De kunst van lezen heeft dus tot eerste voorwaarde een verstandig omgaan met den tijd. Maar het lastige van lezen is de moeite van het onthouden. Men heeft reeds zooveel gelezen en zoo weinig er van onthouden, dat de lust tot nog meer lezen vergaat. Het is dus duidelijk, dat die lust meer zal opgewekt worden, wanneer men eenig uitzicht verkrijgt op grootere getrouwheid van het geheugen.
Er wordt zoo dikwerf over het geheugen gesproken alsof het iets magisch, alsof het eene gaaf ware, in oorsprong even geheimzinnig als bijvoorbeeld het muziekaal of het dichterlijk talent.

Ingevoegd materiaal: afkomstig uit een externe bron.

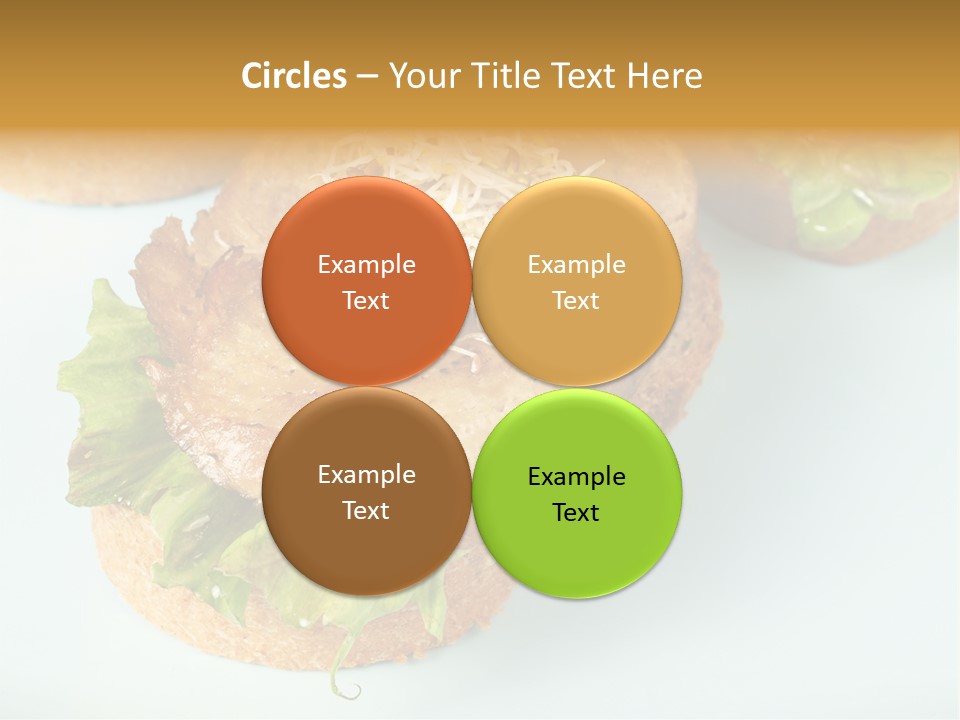 Lettuce, Fried Seitan Slice And Grown Soy Shoots With Bread, Tapa Appetizer PowerPoint Template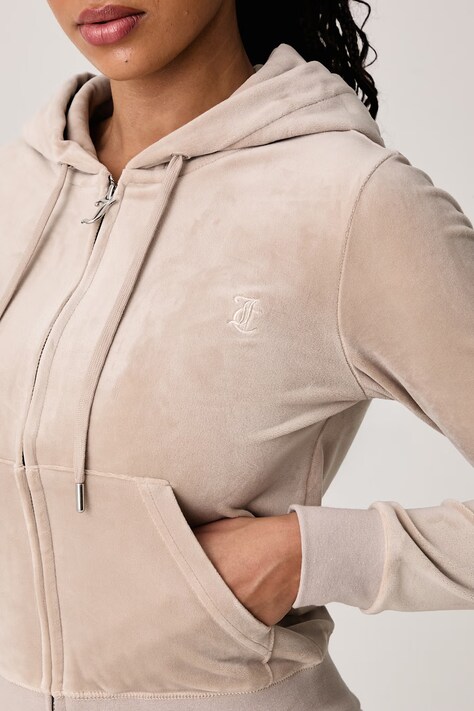 Juicy Couture Bluza rozpinana z kapturem damska bawełniana ROBERTSON CLASS zielona JCAP176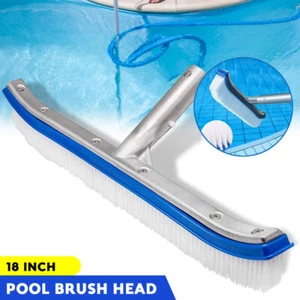 18" Heavy Duty Swimming Pool Wall Tile Brush Curved Edge Polished Aluminum Back - Picture 1 of 12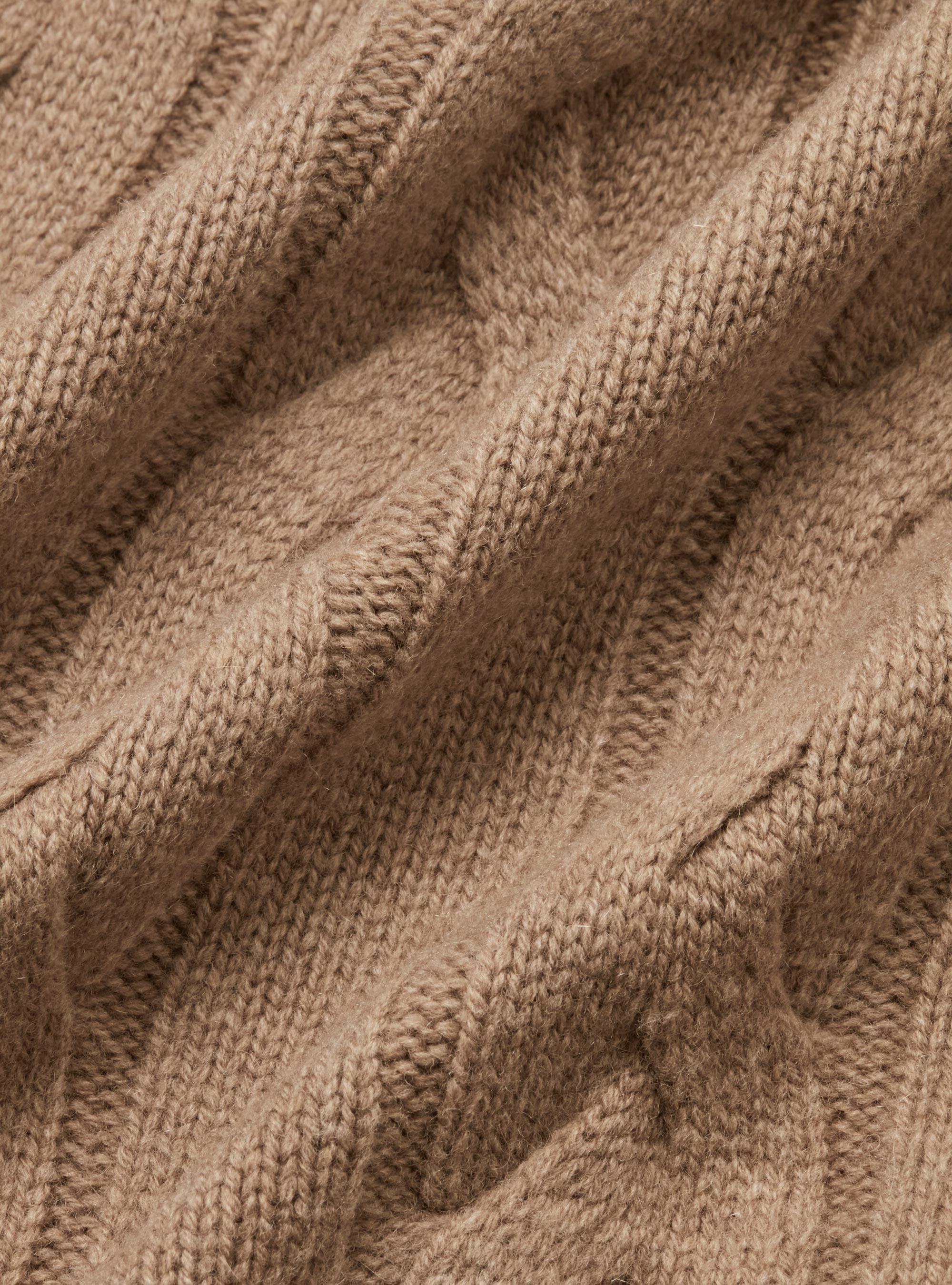 Maglia con zip e treccia in lana cashmere, CAMMELLO 0570C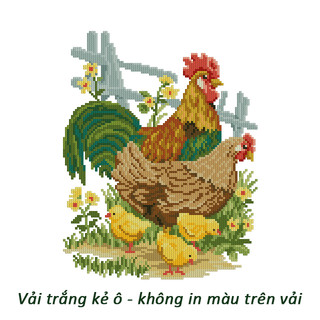 Tranh thêu chữ thập không in màu trên vải DV012 (24 x 31 cm)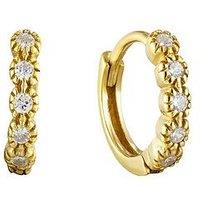 Seol + Gold 18Ct Gold Plate Over Sterling Silver Tiny Cz Scallop Hoops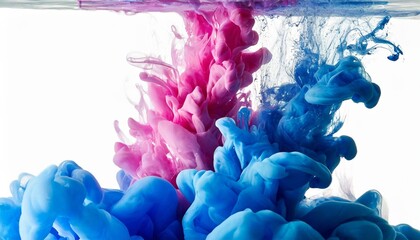 splash of blue and pink paints in water over white background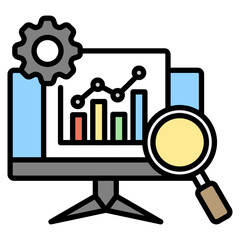 Monitoring lineal color icon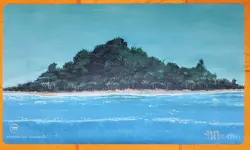 Tropical Island Play Mat MTG Playmat SIGNED Jesper Myrfors Wizards Of The Coast - Image 1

Ik kan die opvatting niet tot de mijne maken. Ik zie gezonde menschen zonder eenigen aanleg voor het genieten van toonen of verzen, ik heb nooit gezonde menschen gezien misdeeld van geheugen. Alle gezonde menschen zonder onderscheid hebben een ongeloofelijk aantal woorden, namen, cijfers in hun hoofd geborgen. Het is duidelijk, dat wij geen twee woorden spreken, niet naar een bepaald punt in de stad onzer inwoning wandelen, geen bekende in de straat groeten, geen penning uitgeven, geen voorwerp dat wij noodig hebben koopen, geen gerecht bestellen, in een woord honderd zaken, die wij dagelijks verrichten, onmogelijk verrichten kunnen, wanneer wij niet een volkomen betrouwbaar geheugen hebben.
| |
| |
Denk u het geheugen eens weg, en zie hoevele van uwe dagelijksche verrichtingen nog mogelijk blijven. Uit uw bed verrezen, blijft gij in uw nachtkleedij, want gij zijt vergeten dat gij u aan te kleeden hebt. Een ander roept u dien plicht te binnen, maar gij zoekt uw geheele huis door, misschien in uw kelder, uw pantalon, want het schiet u niet in waar gij dat kleedingstuk geborgen hebt. Flauw valt gij schier van den honger, want, ofschoon gij niets liever zoudt willen dan dien honger stillen, gij weet niet meer, noch dat men daarvoor eten moet, noch wat een ontbijt is, noch dat gij dienstboden hebt om u dat ontbijt binnen te brengen. Zoo zult gij den ganschen dag, gesteld dat gij niet omkomt van gebrek of ongeval, - want wat zal u, zonder geheugen, verhinderen door uw raam in stede van door uwe deur het huis te verlaten? - zoo zult gij den ganschen dag het meest onbeholpen wezen van de wereld zijn. Indien gij dit niet zijt, blijkt daaruit dat uwe memorie u dagelijks, en van den morgen tot den avond, de allerbelangrijkste diensten bewijst, en dit werktuig dus bij u een verwonderlijken graad van ontwikkeling bereikt heeft. Het is dan ook vooral het geheugen, waaraan wij het te danken hebben dat wij ons niet volmaakt belachelijk aanstellen. Memorieloos, zou een man allerlei hoogstbeleefde strijkaadjes voor zijne eigene vrouw kunnen maken, of op de beurs van Amsterdam een psalm kunnen aanheffen, zich wanende in een kerkgebouw.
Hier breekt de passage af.